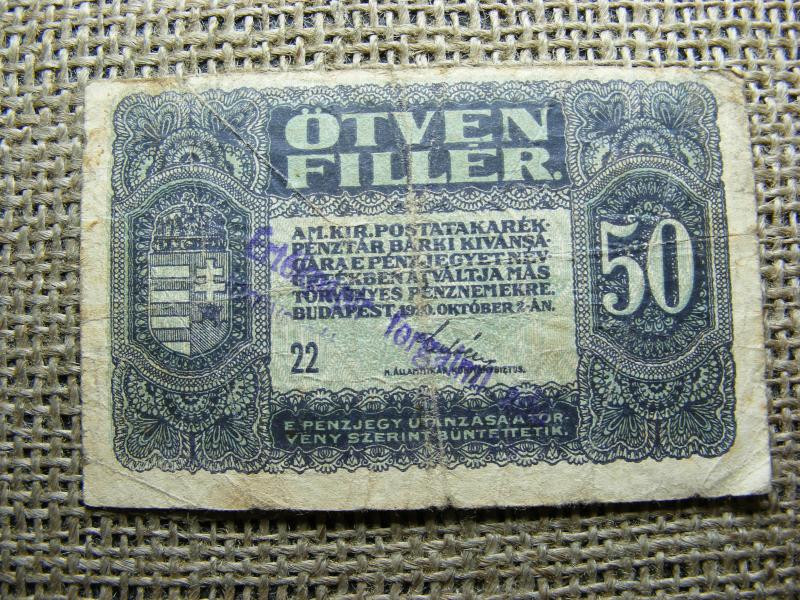 50 fillér, 1920, felülbélyegzett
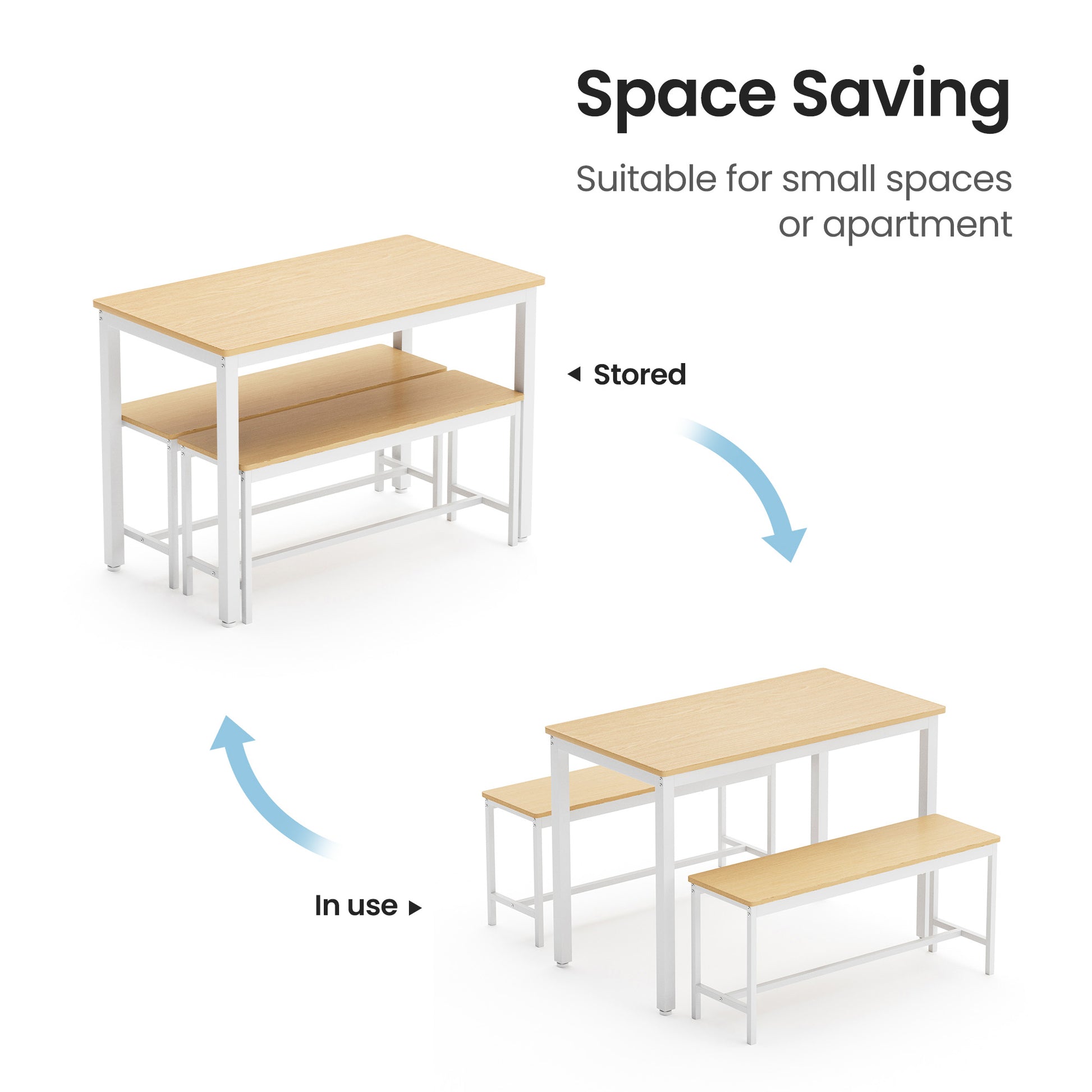 Dining Table Set, Bar Table With 2 Dining Benches, Kitchen Table Counter With Chairs, Industrial For Kitchen Breakfast Table, Living Room, Party Room, Natural And White43.3 L X23.6 W X 29.9 H White Natural Particle Board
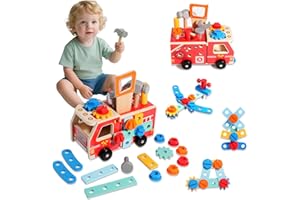 MonteSpi Juguete Montessori para Niños 2 3 4 5 Años - Maletín de Herramientas de Madera Estilo Coche 32 Piezas, Fabricación de Troncos, Desarrollo Motricidad Fina y Creatividad, Regalo Cumpleaños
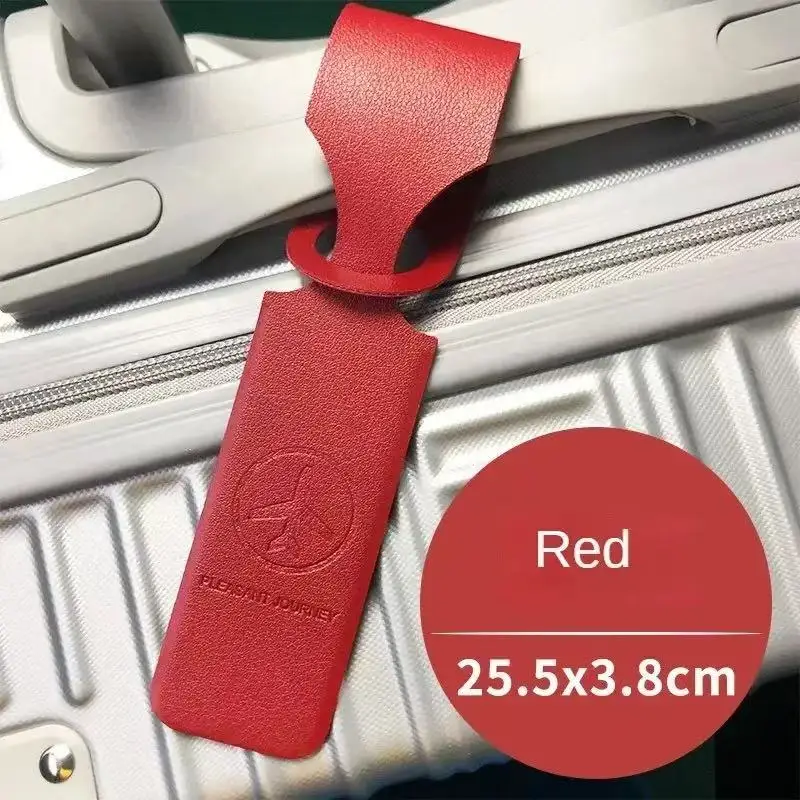 2/5/10Pcs PU Leather Luggage Tag Portable Suitcase Identifier Label Baggage Boarding Bag Tag Name ID Address Holder Travel Acces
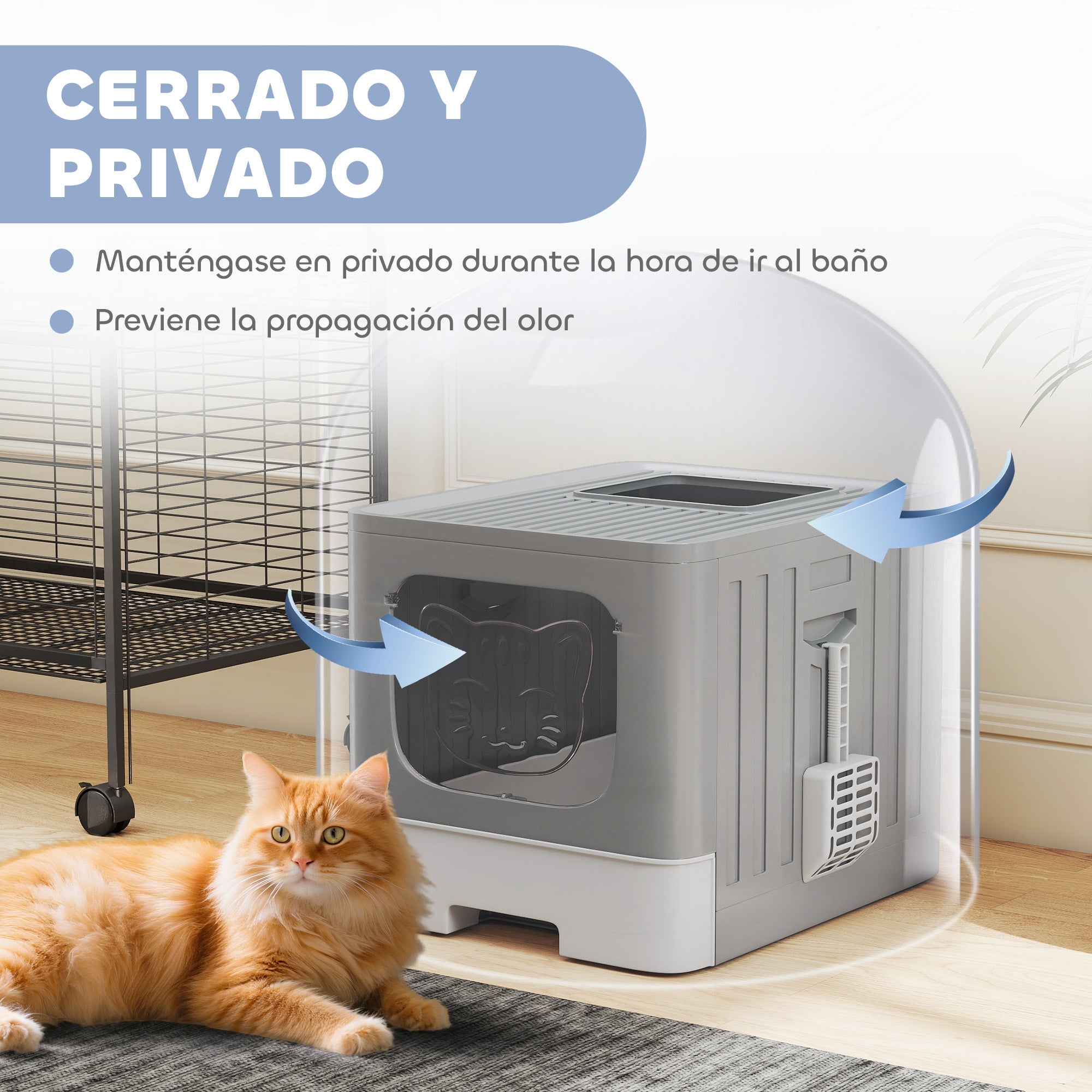 Caixa de Areia para Gatos PawHut PP Cinzento 48x38x38.5 cm - 5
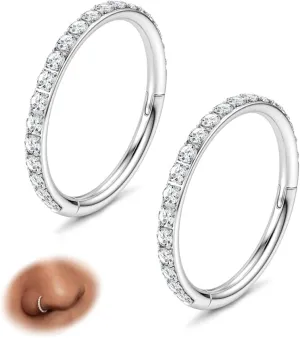 FASACCO 20G 18G 16G Cartilage Hoop Earring 316L Surgical Steel Silver Huggie Hoop Earrings Hypoallergenic Hinged Segment Rings Septum Nose Hoops Daith Conch Helix Tragus Piercing Jewelry 6mm/8mm/10mm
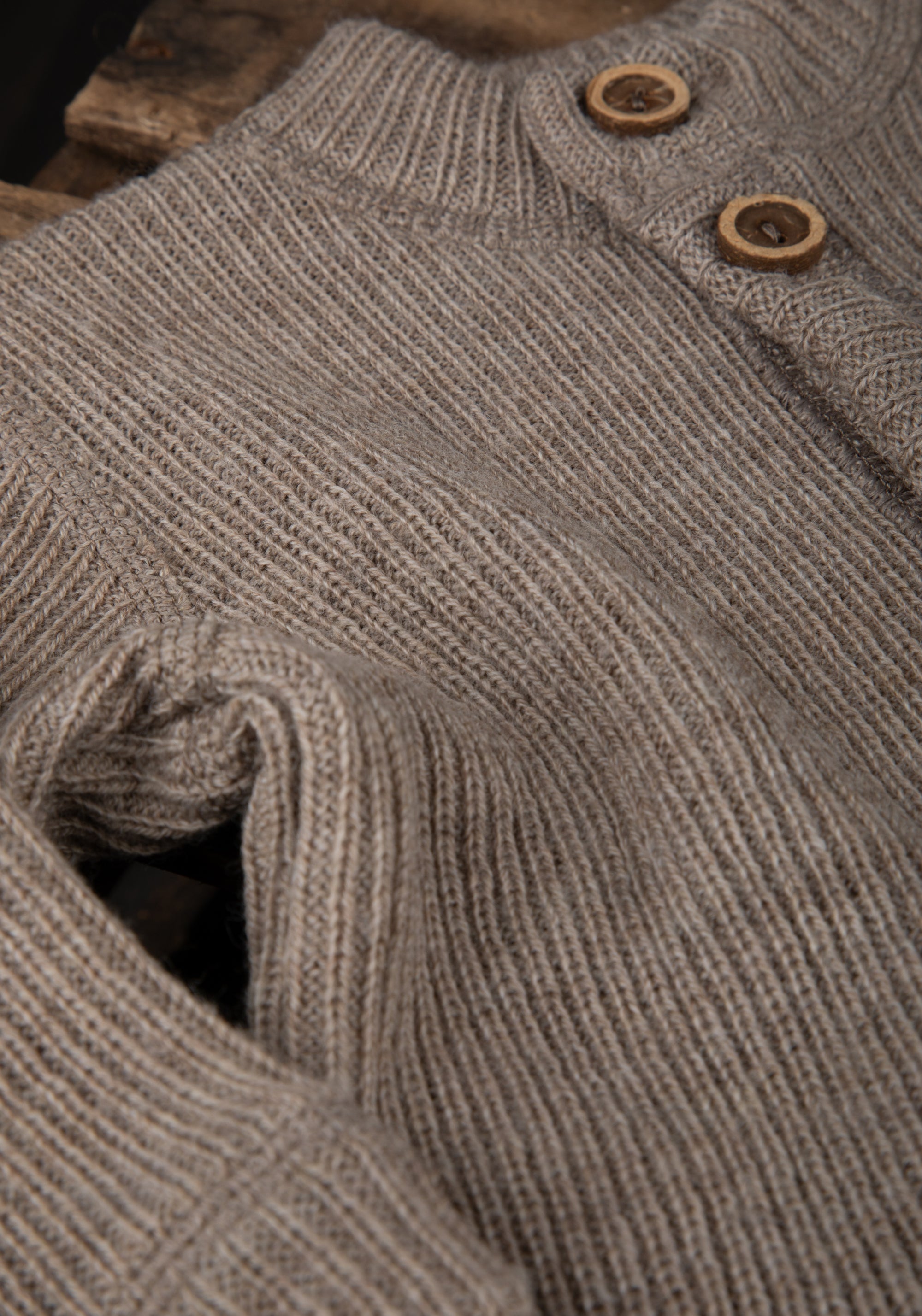 Cardigan din lână merinos - Rib Beige Melange
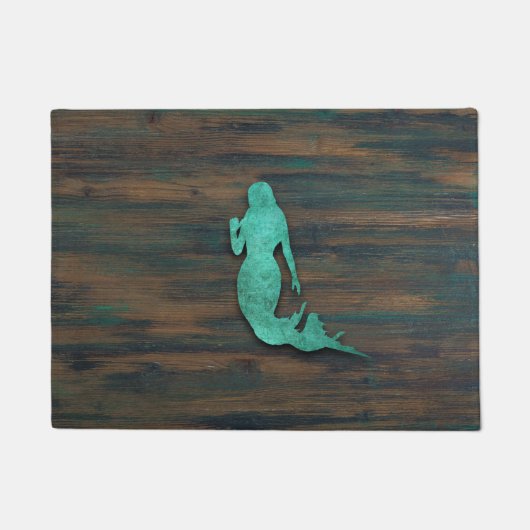 Rustic Mermaid (Blauwgroen) Deurmat (Voorkant)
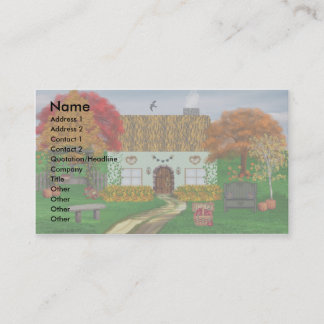 L'automne a couvert des cartes de visite de chaume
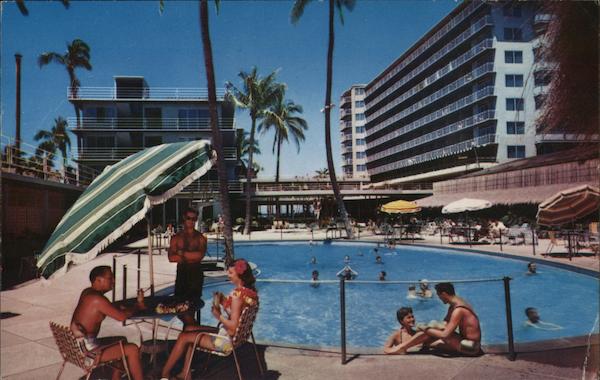 The Swimming Pool at the Reef Hotel on the Beach of Waikiki Honolulu Hawaii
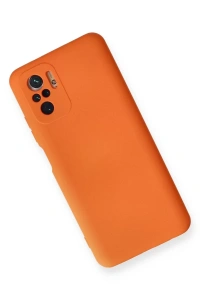 Xiaomi Redmi Note 10 Kılıf Nano içi Kadife Silikon - Turuncu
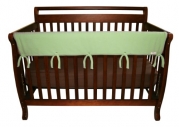 Trend Lab Fleece CribWrap Wide Rail Cover for Crib Front or Back, Sage Green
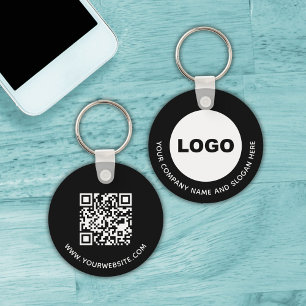 Black Business Promotional Logo QR Code Key Ring
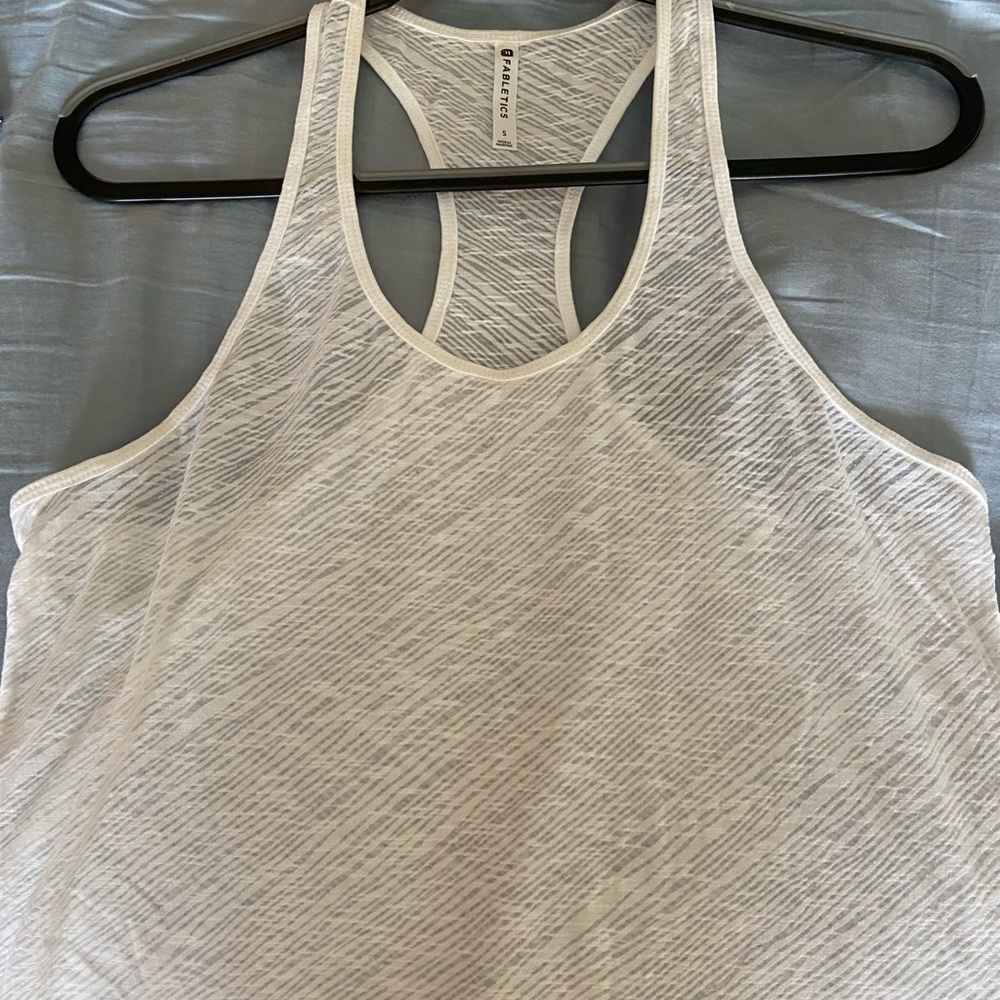 Fabletics White sheer racerback tank top
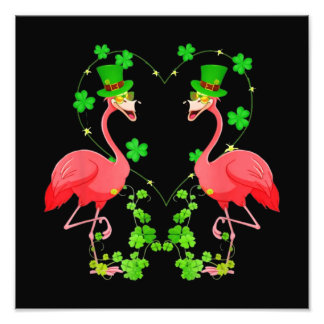 St Patrick's Day Flamingo Shamrock Heart Foto Afdruk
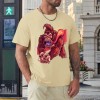 Men's beige cotton t-shirt with red monster graphic print, Inkedjoy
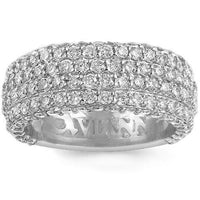 Thumbnail for 14K White Solid Gold Mens Diamond Wedding Ring Band 4.50 Ctw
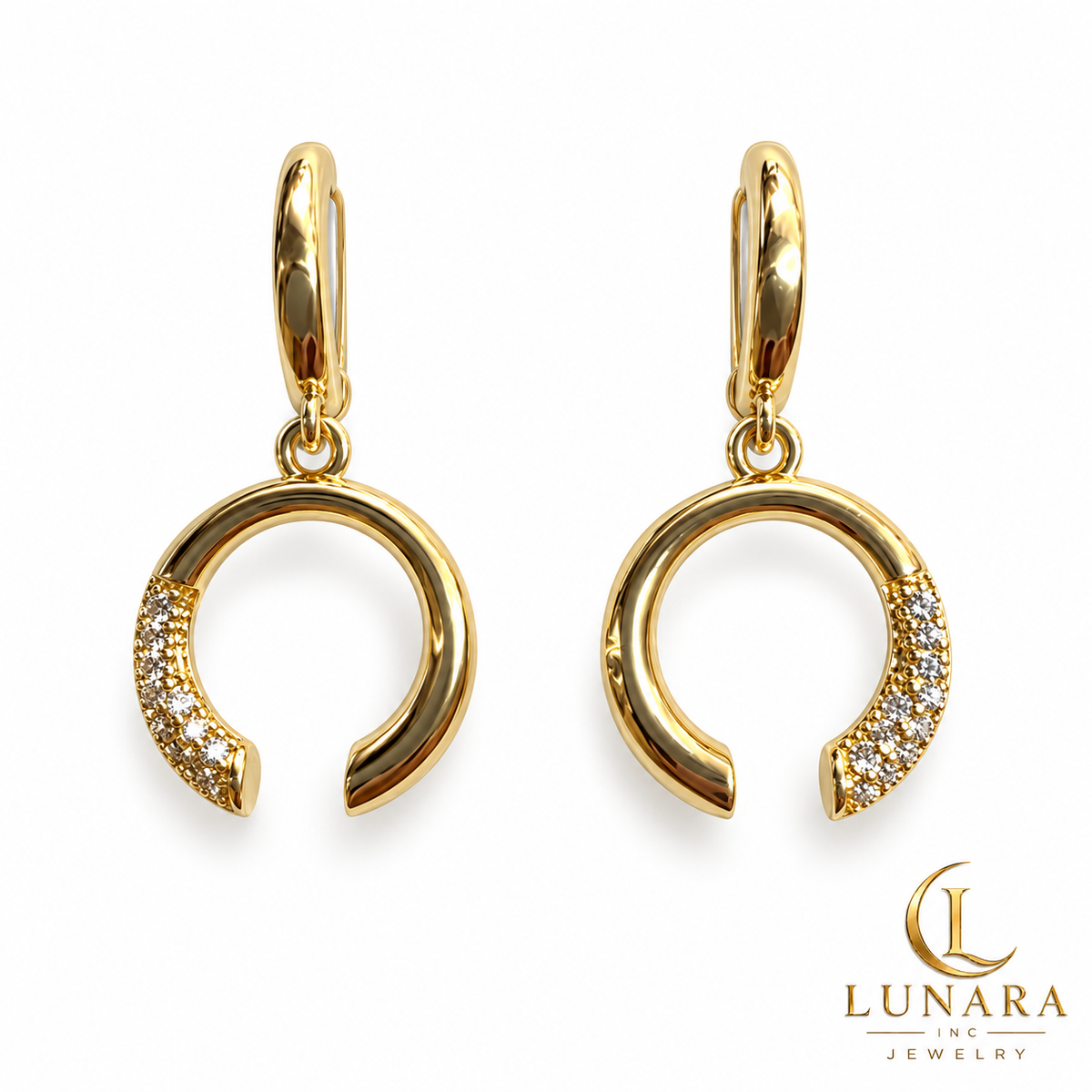 Golden Crescent Zirconia Earrings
━━━━━━━━━━
- **WHAT IS REQUIRED**
Would you set down the records exactly, with no pictures included?

- **EXERCISE RESULT**
 50 fillér, 1920, felülbélyegzett
 Dining Table Set, Bar Table With 2 Dining Benches, Kitchen Table Counter With Chairs, Industrial For Kitchen Breakfast Table, Living Room, Party Room, Natural And White43.3 L X23.6 W X 29.9 H White Natural Particle Board
 MonteSpi Juguete Montessori para Niños 2 3 4 5 Años - Maletín de Herramientas de Madera Estilo Coche 32 Piezas, Fabricación de Troncos, Desarrollo Motricidad Fina y Creatividad, Regalo Cumpleaños
 2/5/10Pcs PU Leather Luggage Tag Portable Suitcase Identifier Label Baggage Boarding Bag Tag Name ID Address Holder Travel Acces
 Caixa de Areia para Gatos PawHut PP Cinzento 48x38x38.5 cm - 5
 FASACCO 20G 18G 16G Cartilage Hoop Earring 316L Surgical Steel Silver Huggie Hoop Earrings Hypoallergenic Hinged Segment Rings Septum Nose Hoops Daith Conch Helix Tragus Piercing Jewelry 6mm/8mm/10mm
 Cardigan din lână merinos - Rib Beige Melange
 Rustic Mermaid (Blauwgroen) Deurmat (Voorkant)
 L'automne a couvert des cartes de visite de chaume
 The Swimming Pool at the Reef Hotel on the Beach of Waikiki Honolulu Hawaii
 Xiaomi Redmi Note 10 Kılıf Nano içi Kadife Silikon - Turuncu
 Trend Lab Fleece CribWrap Wide Rail Cover for Crib Front or Back, Sage Green
 Black Business Promotional Logo QR Code Key Ring
 Fabletics White sheer racerback tank top
 St Patrick's Day Flamingo Shamrock Heart Foto Afdruk
 Men's beige cotton t-shirt with red monster graphic print, Inkedjoy
 Thumbnail for 14K White Solid Gold Mens Diamond Wedding Ring Band 4.50 Ctw
 Golden Crescent Zirconia Earrings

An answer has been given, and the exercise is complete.